(1) Overview
Repository location
Context
The Drammaturgia, compiled by Roman scholar Leone Allacci and published by Mascardi in 1666, represents a fundamental document in the history of early modern Italian drama. One of the first extensive bibliographies of theatrical works in the Italian language, it included not only a vast list of plays in alphabetical order, but also various indexes on the writers’ names and surnames, their provenance, the works’ topics, and other information.
One century later, the lack of reprints and the difficulty in finding copies of this essential catalogue motivated a group of Venetian intellectuals – and most notably poet and librettist Apostolo Zeno – to prepare a new updated edition, published by Pasquali in 1755 (Pensa, 1983; Zanandrea, 1991). In this version, the original indexes were merged into the main list, now richer in details and containing even more pieces of information provided by the new compilers.
This later edition of Drammaturgia is characterised by a coherent and repetitive structure.

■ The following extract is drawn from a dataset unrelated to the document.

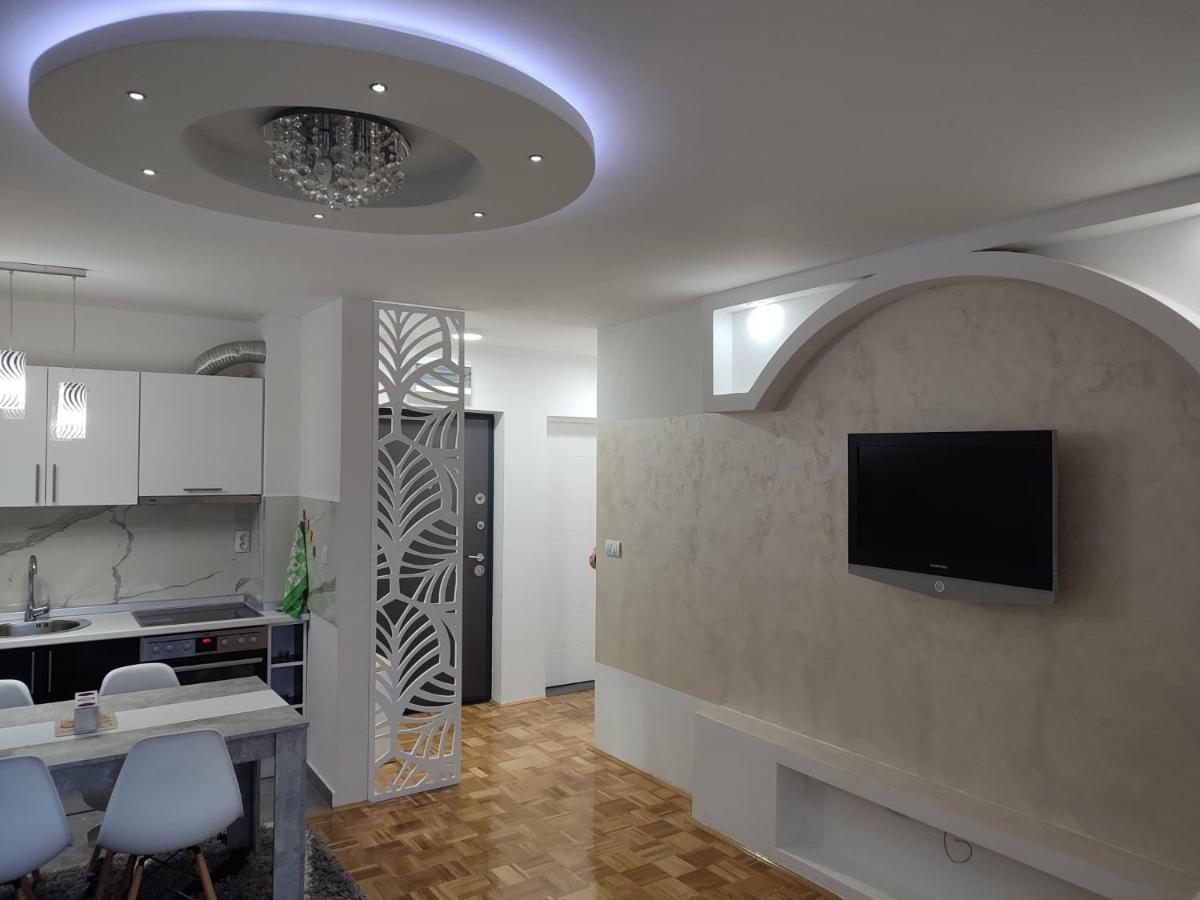 Ferienwohnung Stan Na Dan Elena Lukavica Exterior foto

In most entries (see Figure 1), the title is followed by a full stop and then the genre, often accompanied by metric indications in parentheses; two hyphens precede the publishing specifics (city, printer, year, and format), while references to the author and his origins complete the entry.

Figure 1
A sample page from Allacci’s Drammaturgia.

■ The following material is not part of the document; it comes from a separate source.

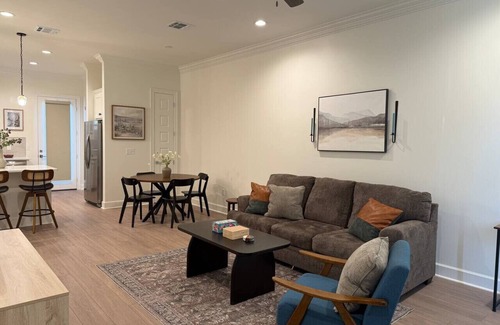 Lafayette House | New/Modern 3B/2.5Bt Townhome in the Heart of Town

Due to its standardized structure, the Drammaturgia is inherently well-suited for conversion into a digital database; in this way, the academic community can be provided with convenient access to a valuable asset for investigating early modern Italian drama. Complementing the general overview of the project presented in Giovannini and Gallucci (2024), this data paper offers a technical report on this attempt at ‘low-resources database prototyping’.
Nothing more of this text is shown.